Yoga changes your body but have you considered how, if at all, yoga could change your brain?
Research studies have found that people who practice yoga regularly have more grey matter volume than people who are matched with them in every other way but don't practice yoga - called matched controls (Villemure et al 2015). Grey matter makes up around 40% of your total brain volume (the other 60% being white matter) and it is mostly comprised of neurons (the nerve cells that transmit information to other cells). Your cerebral cortex, the crinkly outer surface of your brain is made of grey matter.
Figure 1. Transverse view of the human brain showing the cerebral cortex (grey matter).

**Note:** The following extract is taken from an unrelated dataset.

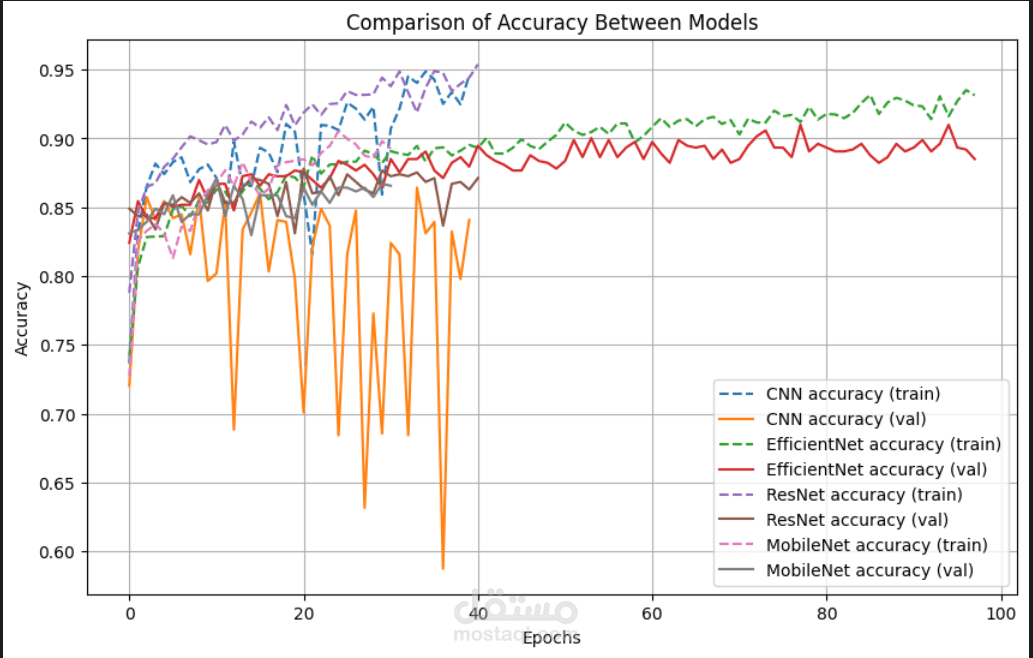AI-powered Detection of Defective Solar Cells from Satellite Images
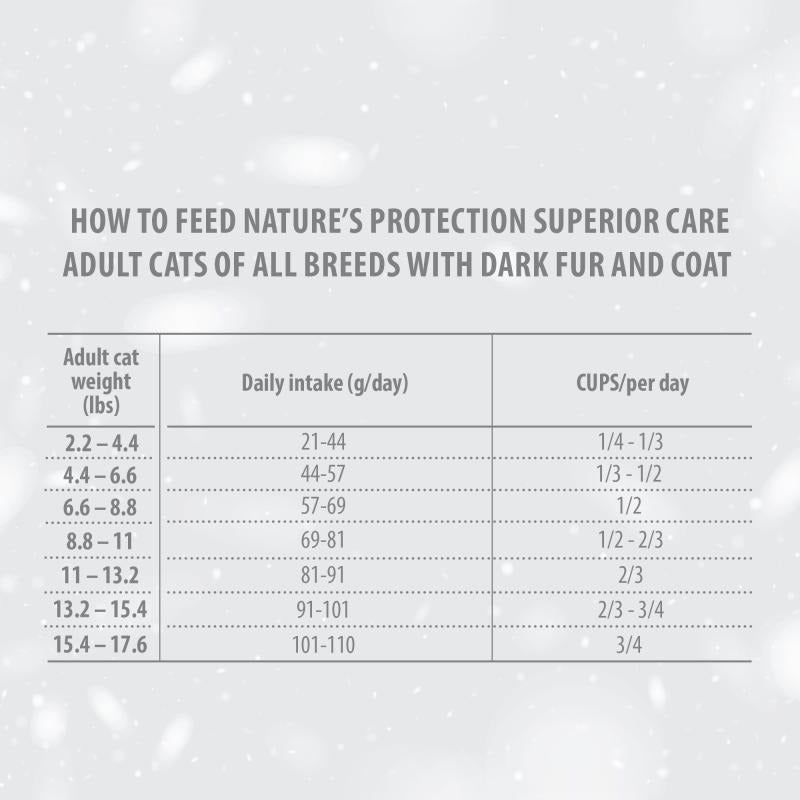 Premium Adult Dark Cats Dry Food with Herring – High Protein Grain-Free Cat Food for All Breeds – Ideal for Indoor & Outdoor Cats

In fact despite ranging from only 1mm to 4.5mm thick, the cerebral cortex has 14 to 16 billion neurons packed into its folds (called sulcus or sulci) and ridges (gyrus or gyri). Covering the two halves (left and right) of the cerebrum the cerebral cortex is further classed into four regions or lobes. These are the frontal lobe, parietal lobe, occipital lobe and the temporal lobe. Also packed into your skull are your cerebellum or 'little brain' sitting just below your occipital lobe that also contains grey matter as does your brainstem connecting the whole shebang to your spinal cord.
So where do yogis stash their extra grey matter? And does having more of something always equal better? More weeds don't make a better garden. So does that extra grey matter, matter?
A Quick Lap Around the Brain.
Despite weighing only 2% of our total body weight, our brains use 20% of the energy we consume just to keep it ticking over. The surface area of the cerebral cortex is much larger than it looks and would cover 1500 to 2000 square cm's if you unfolded it all. It's also pretty electric, producing enough energy to power a light bulb.
Figure 2. Bright Spark! Your brain produces enough energy to power a light bulb.
The frontal lobe is home to our executive function, attention, reward, working memory, planning and motivation. Very useful functions like remembering to pay bills, knowing what to say (and what NOT to say) in a meeting, and deciding to go to yoga instead of staying home to watch Netflix. The parietal lobe is involved in spacial perception or proprioception, navigation as well as our sense of touch. The occipital lobe, despite being curiously located at the rear of the brain, is directly responsible for the visual processing, colour differentiation and perception of motion.
Figure 3: Regions of the brain including the cerebellum and brainstem.
The temporal lobe holds long term memories, auditory processes (hearing) and the interpretation of visual stimuli such as what a facial expression means. The cerebellum helps keep us standing on one leg for standing bow, maintaining balance and coordinating movement (amongst many things) and the brain stem manages many of the critical things you do without thinking - breathe, swallow, digestion and reflexes.
Yoga and Cortical Thickness
One study, published in Frontiers of Aging Neuroscience, found women with an average of eight years of hatha yoga practice had more grey matter and greater cortical thickness than a group of matched controls. Cortical thickness is associated with cognitive preservation and cortical thinning is typically associated with ageing and declining cognitive ability. Grey matter volume is also positively associated with executive function (Laubach et al 2017).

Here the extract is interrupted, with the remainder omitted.